■ Work task ■
Produce a verbatim copy of the data below that contains no pictures.

■ Recorded information ■
__________________________________________________

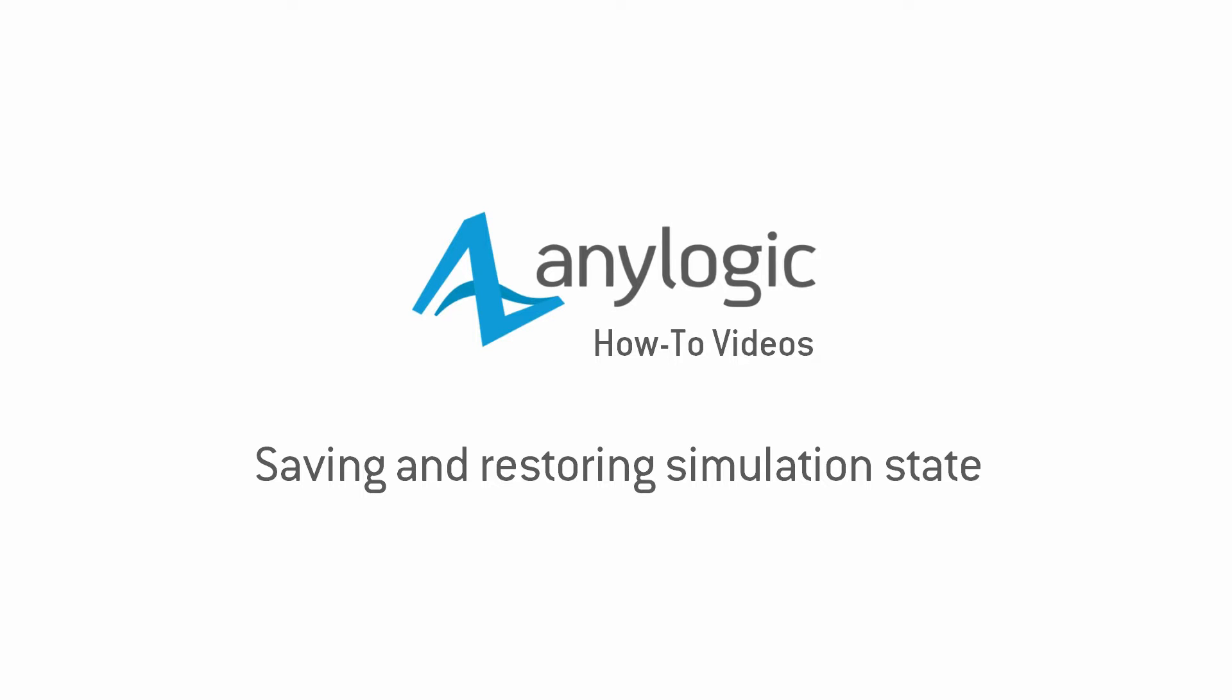This video shows how to save the full state of a running model to a file called a snapshot, restore it later, and continue running the simulation from the same point.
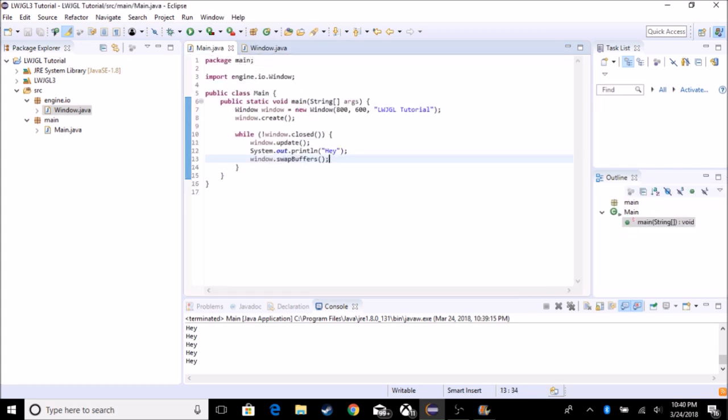So now we have ourselves a working window and the next episode we're going to be doing input. So stay tuned for that. It'll probably be on tomorrow. So bye.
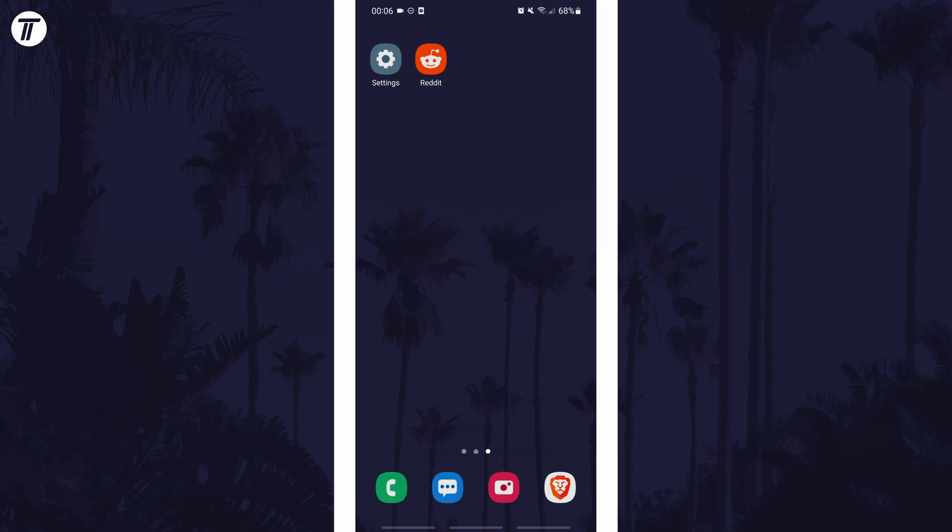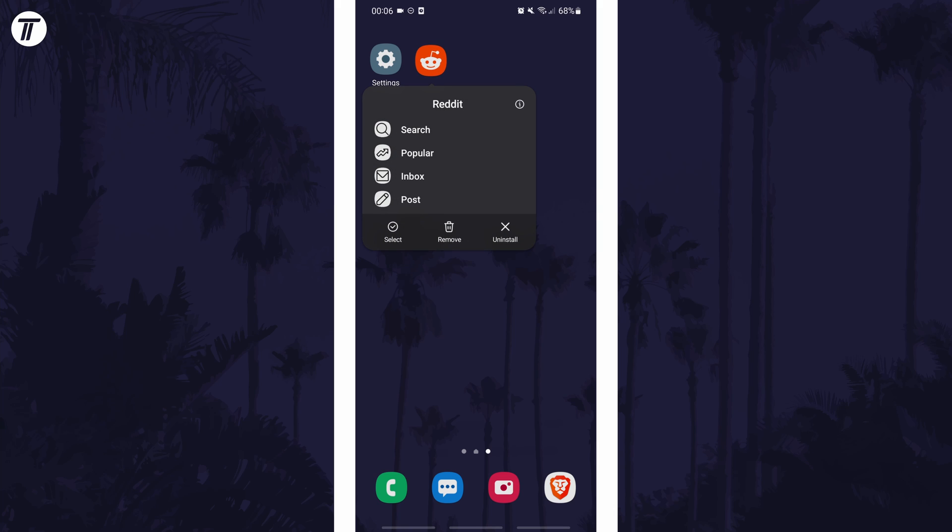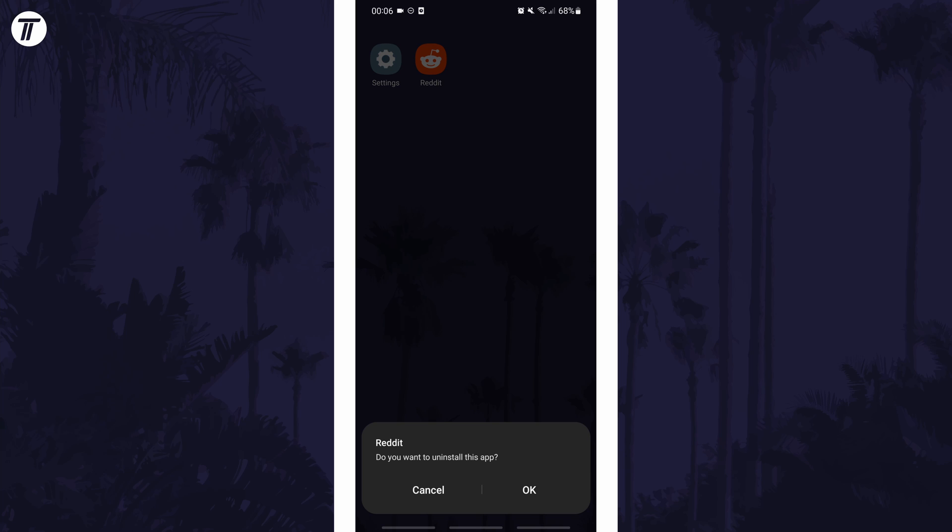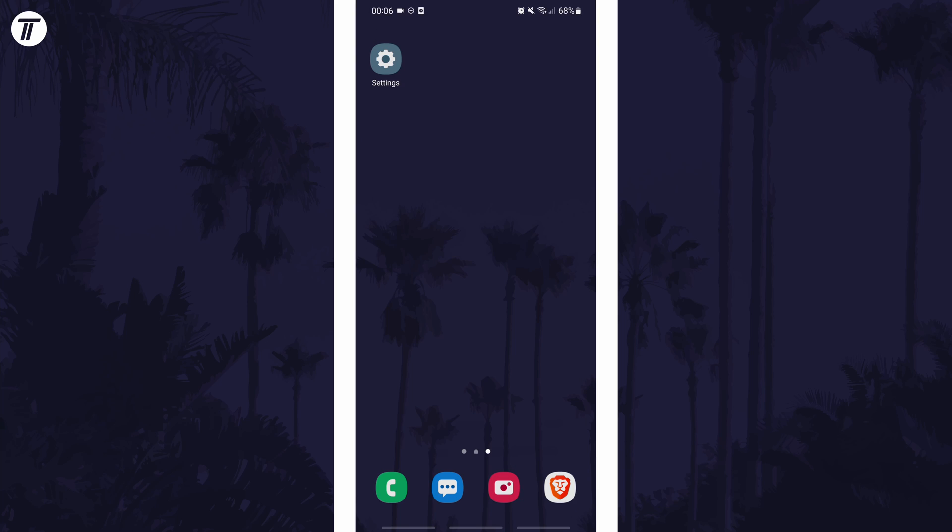Once you've found it, all you need to do is hold down on it until a menu appears. In the menu, simply tap on uninstall or the trashcan icon and then the app will uninstall. It might take a few seconds to uninstall but then it will be fully removed from your device.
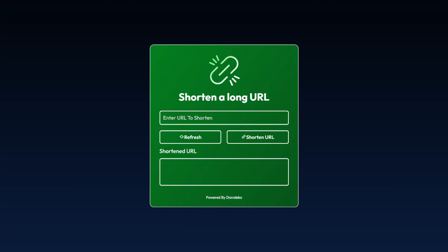In this JavaScript tutorial, I'll guide you in crafting your very own URL shortener using HTML and CSS.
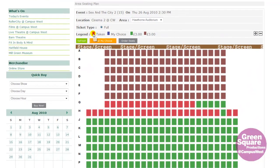Booked seats are represented by red boxes. Green means they are available and blue indicates your choice.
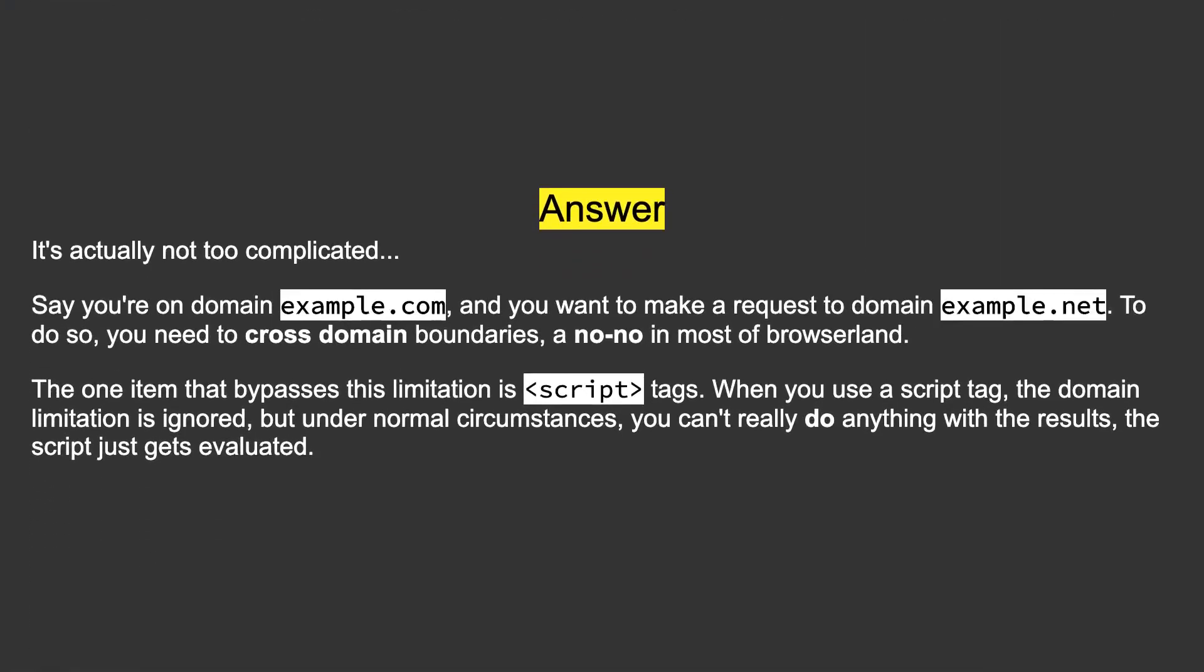It's actually not too complicated. Say you're on domain example.com and you want to make a request to domain example.net. To do so, you need to cross domain boundaries—a no-no in most of browser land. The one item that bypasses this limitation is script tags. When you use a script tag, the domain limitation is ignored, but under normal circumstances you can't really do anything with the results. The script just gets evaluated.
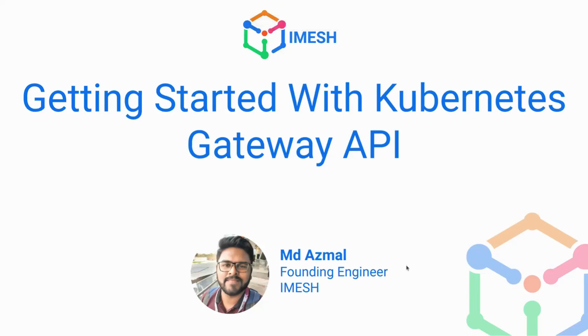So hello everyone. My name is Mohamad Azmal. I'm the founding engineer of IMESH and in this webinar, we'll learn about Kubernetes Gateway API and how it helps enterprises managing their traffic in the cluster.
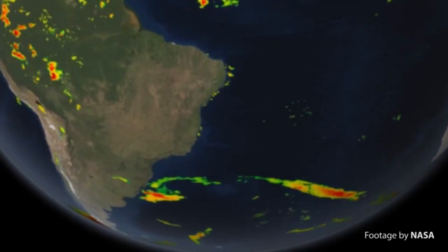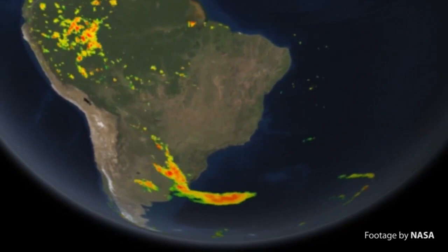On this animation, the atmospheric moisture created over the Brazilian Amazon is transported to Argentina and into the Atlantic Ocean.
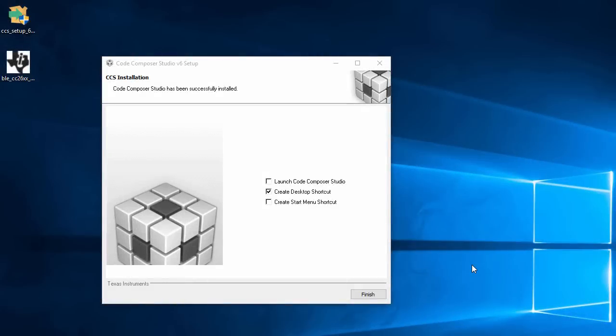And we're back. And the installation has finished. I'll leave the default option to generate a desktop shortcut.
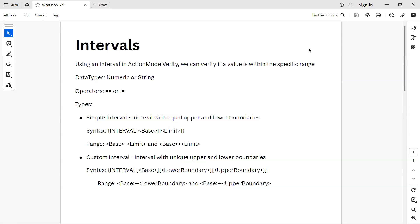Hey everyone, welcome back to another interesting lesson in this Tosca Automation Playlist. Today, I'm going to talk about an interesting feature available in Tosca, especially when you add a verification step. You must be using the action mode Verify in your test steps to make use of this feature.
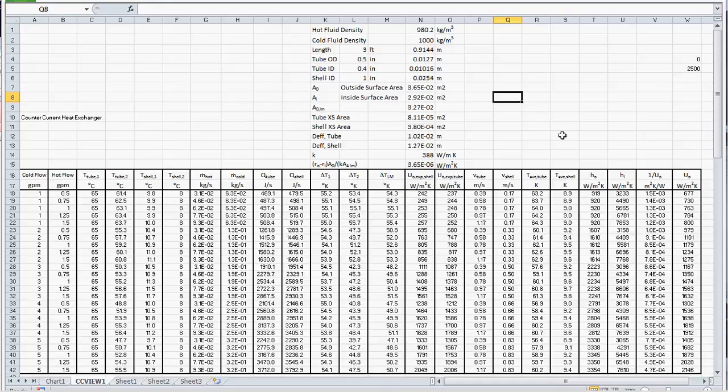We're now going to take a look at the data that we collected for this double pipe heat exchanger and how to calculate heat transfer coefficients.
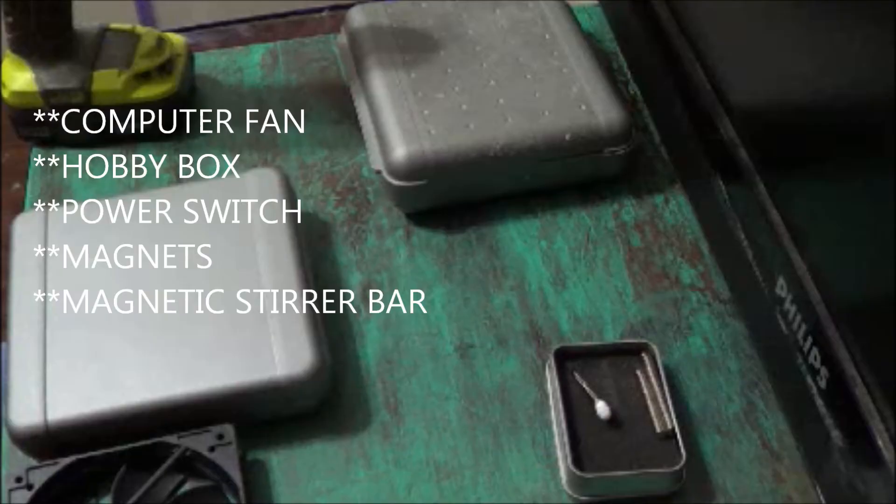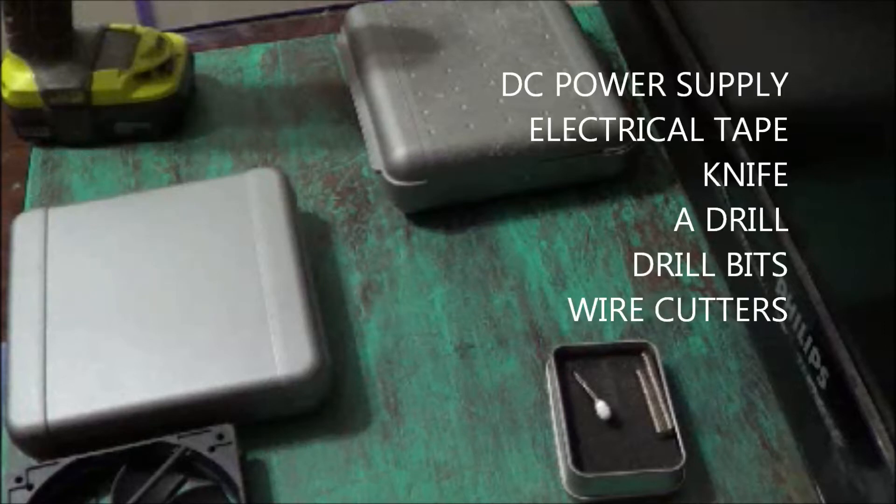Now to get started, some items that you will need: a computer fan, a hobby box, a power switch, magnets, and a magnetic stirrer bar.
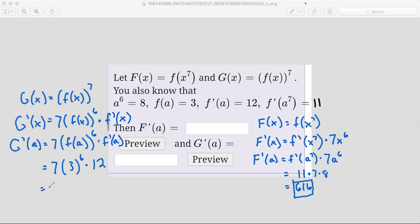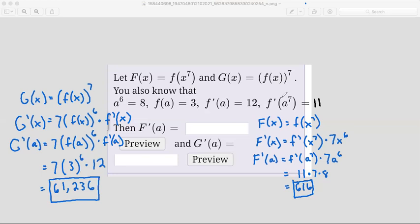To simplify: 7 times 3 to the power of 6 times 12 gives 7,236. So again, we just take the derivative, see what we end up with once we plug in a, and then use the information they gave us to substitute. Once we get all numbers, we can simplify and we have our answer.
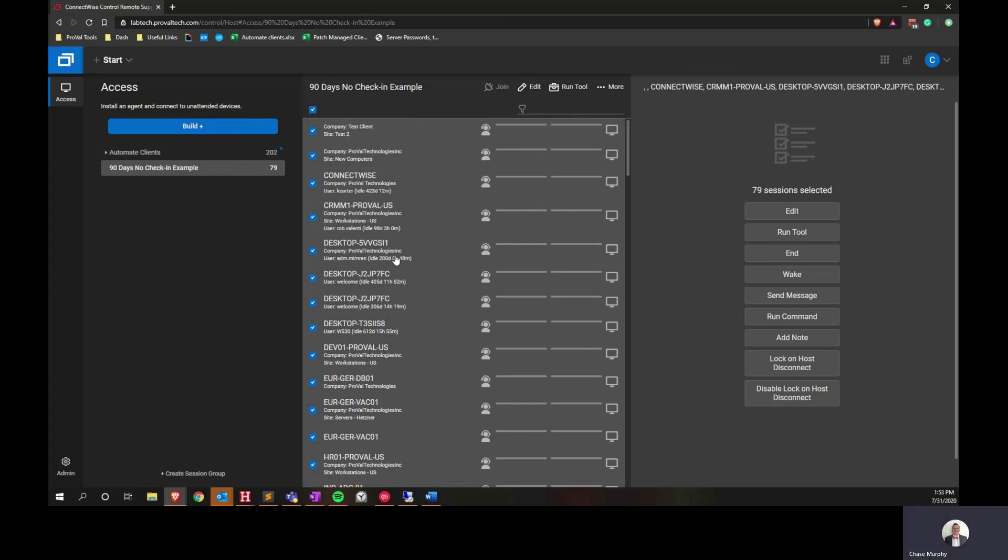So today we discussed creating the session group, getting all the variables to create the session group and populate it with the proper data, and how to clean out all of these old machines out of your control database. Thank you.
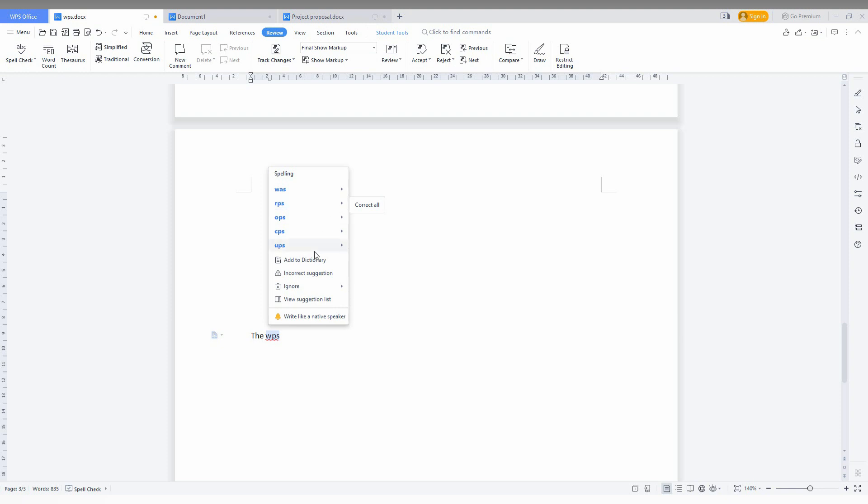in here, and you can also add to the dictionary or ignore the suggestion, incorrect suggestion, or click on the ignore all. So it will ignore all the suggestions that it does in that same document. So also view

__________________________________________________

■ Response for this exercise ■
This video shows how to save the full state of a running model to a file called a snapshot, restore it later, and continue running the simulation from the same point.
So now we have ourselves a working window and the next episode we're going to be doing input. So stay tuned for that. It'll probably be on tomorrow. So bye.
Once you've found it, all you need to do is hold down on it until a menu appears. In the menu, simply tap on uninstall or the trashcan icon and then the app will uninstall. It might take a few seconds to uninstall but then it will be fully removed from your device.
In this JavaScript tutorial, I'll guide you in crafting your very own URL shortener using HTML and CSS.
Booked seats are represented by red boxes. Green means they are available and blue indicates your choice.
It's actually not too complicated. Say you're on domain example.com and you want to make a request to domain example.net. To do so, you need to cross domain boundaries—a no-no in most of browser land. The one item that bypasses this limitation is script tags. When you use a script tag, the domain limitation is ignored, but under normal circumstances you can't really do anything with the results. The script just gets evaluated.
So hello everyone. My name is Mohamad Azmal. I'm the founding engineer of IMESH and in this webinar, we'll learn about Kubernetes Gateway API and how it helps enterprises managing their traffic in the cluster.
On this animation, the atmospheric moisture created over the Brazilian Amazon is transported to Argentina and into the Atlantic Ocean.
And we're back. And the installation has finished. I'll leave the default option to generate a desktop shortcut.
Hey everyone, welcome back to another interesting lesson in this Tosca Automation Playlist. Today, I'm going to talk about an interesting feature available in Tosca, especially when you add a verification step. You must be using the action mode Verify in your test steps to make use of this feature.
We're now going to take a look at the data that we collected for this double pipe heat exchanger and how to calculate heat transfer coefficients.
Now to get started, some items that you will need: a computer fan, a hobby box, a power switch, magnets, and a magnetic stirrer bar.
To simplify: 7 times 3 to the power of 6 times 12 gives 7,236. So again, we just take the derivative, see what we end up with once we plug in a, and then use the information they gave us to substitute. Once we get all numbers, we can simplify and we have our answer.
So today we discussed creating the session group, getting all the variables to create the session group and populate it with the proper data, and how to clean out all of these old machines out of your control database. Thank you.
in here, and you can also add to the dictionary or ignore the suggestion, incorrect suggestion, or click on the ignore all. So it will ignore all the suggestions that it does in that same document. So also view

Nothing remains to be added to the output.